Pourquoi cette situation étrange ? Car même si les deux partis haredim, Judaïsme unifié de la Torah et Shas, ont annoncé leur sortie du gouvernement, cela reste symbolique : la Knesset décroche pour une longue pause estivale et ne pourra adopter aucune loi nécessitant une majorité, y compris une loi de dissolution.
De plus, Shas précise qu’il ne rejoindra pas l’opposition et ne votera pas contre le gouvernement. Ainsi, Arye Deri continue à participer aux délibérations du cabinet de sécurité, là où se prennent les décisions cruciales.
Le ministre des questions religieuses, Michael Malkieli, explique que ce retrait est motivé par l’épineuse question du service militaire des haredim, ou plutôt l’échec à faire passer une exemption pour les étudiants des yeshivot : « Le gouvernement persécute les étudiants en Torah. » Pourtant, il affirme que le parti ne « coopérera pas avec la gauche » pour renverser le gouvernement.
À première vue, ce retrait du gouvernement sans quitter la coalition semble paradoxal. Pourtant, pour le public électoral de Shas, composé d’une majorité haredi mais aussi de nombreux électeurs à droite, c’est une stratégie politique claire : afficher une opposition idéologique à la conscription tout en soutenant la coalition de droite et en évitant l’alternance vers un gouvernement dirigé par Yesh Atid.
Shas tente ainsi de « ménager le chou et la chèvre » : rester fidèle aux autorités rabbiniques en demandant des exemptions militaires, tout en ménageant sa base électorale sécuritaire.
Mais ce compromis est-il viable ? Le dernier sondage Channel 12 révèle une chute de soutien de Shas de 11 à 8 sièges en moins de deux mois, signe que cette posture divise l’électorat.
Au sein du Likoud, la députée Tali Gottlieb critique durement Arye Deri, accusant Shas de trahir ses électeurs en affaiblissant le gouvernement en pleine guerre.
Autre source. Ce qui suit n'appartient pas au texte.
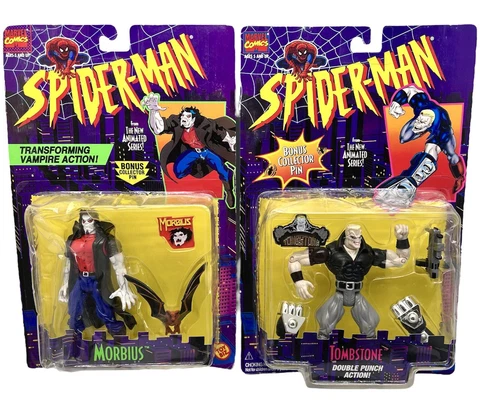 Spider-Man Action Figures Set Of 2 Tombstone And Morbius Marvel Comics Toybiz Cover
Son message clair : « Ne votez pas Shas ! »
Les prochaines élections doivent avoir lieu au plus tard le 27 octobre 2026. Si la Knesset est dissoute dès sa rentrée d’octobre, le scrutin pourrait avoir lieu dès janvier 2026, soit à peine dix mois avant la date butoir.
Dans ce contexte, il est probable que l’un des partis de la coalition choisisse finalement de provoquer la dissolution pour raisons idéologiques — Shas pourrait quitter la coalition, voire le Parti sioniste religieux ou Otzma Yehudit sur le dossier de Gaza — et justifier ainsi les élections par des principes plutôt que par des calculs politiques.
Le Premier ministre est sans doute le principal acteur politique à anticiper la campagne électorale. Sa gestion du dossier du service militaire des haredim est un exemple de sa volonté de maintenir sa coalition malgré les événements dramatiques du 7 octobre et la colère populaire.
En promettant une loi d’exemption, il a pu contenir la coalition, mais il devra maintenant décider s’il est prêt à assumer le risque politique d’imposer cette loi, très contestée par la majorité des électeurs du Likoud favorables au service universel et au partage du fardeau.
Cette décision se dessinera pendant la pause estivale.
Le retrait « à moitié » de Shas permet au parti d’observer la manœuvre de Netanyahu. Trouvera-t-il un compromis acceptable pour les partis haredim ? Si oui, cela signifiera qu’il cherche à prolonger la durée de vie de sa coalition. Sinon, ce sera l’indice qu’il prépare les élections avec la certitude que cette loi sera un handicap électoral.